● **Provided material**
• • •

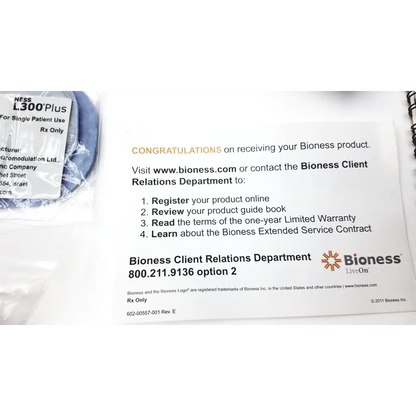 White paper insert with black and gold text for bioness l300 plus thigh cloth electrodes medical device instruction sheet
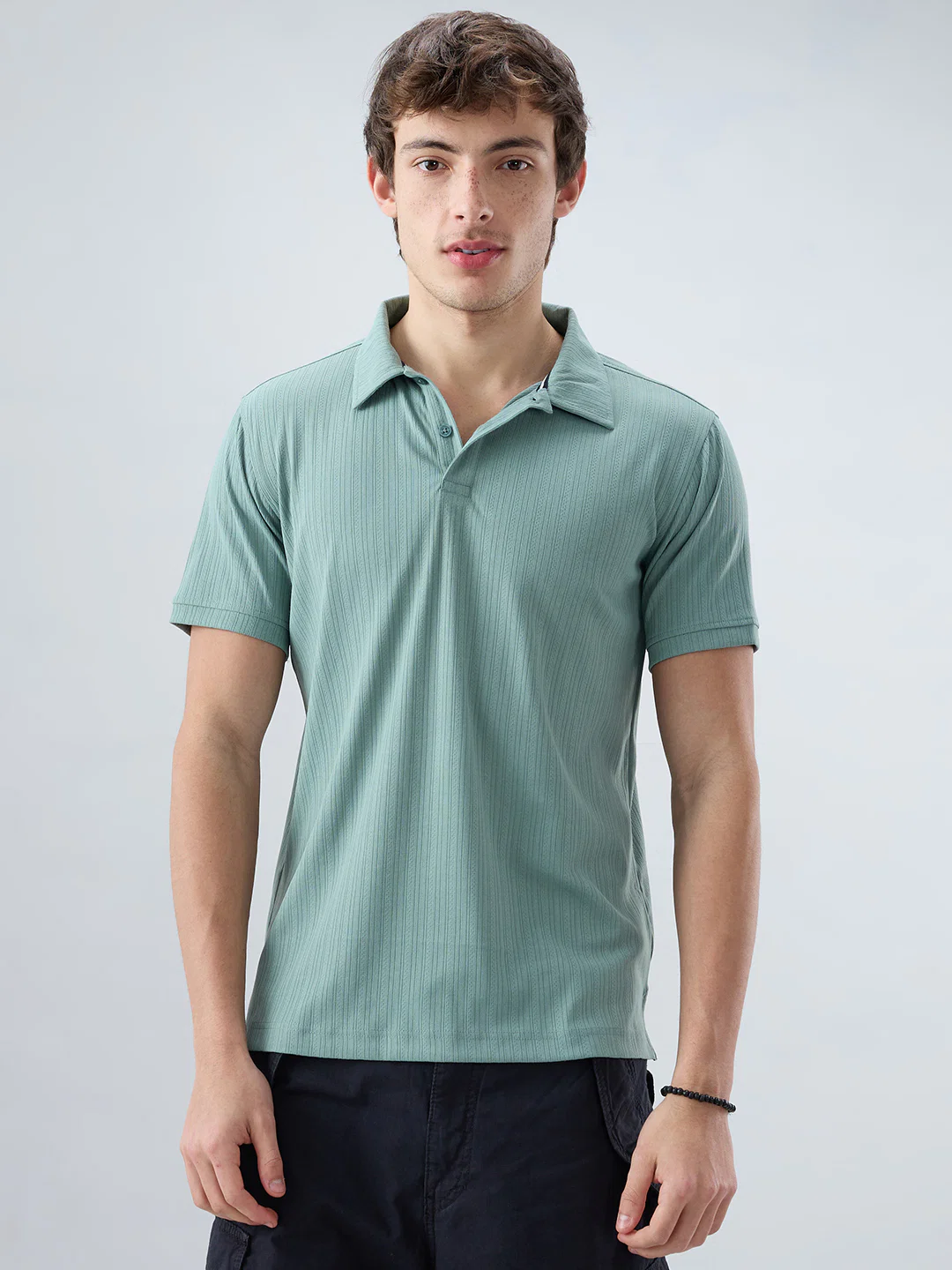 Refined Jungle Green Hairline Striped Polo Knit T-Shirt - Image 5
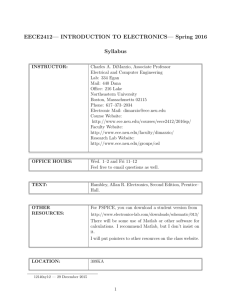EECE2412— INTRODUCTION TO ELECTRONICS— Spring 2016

• • •

● **Work instructions**
The whole listing is to be duplicated verbatim, apart from its images.

● **Result**
 White paper insert with black and gold text for bioness l300 plus thigh cloth electrodes medical device instruction sheet
 Refined Jungle Green Hairline Striped Polo Knit T-Shirt - Image 5
EECE2412— INTRODUCTION TO ELECTRONICS— Spring 2016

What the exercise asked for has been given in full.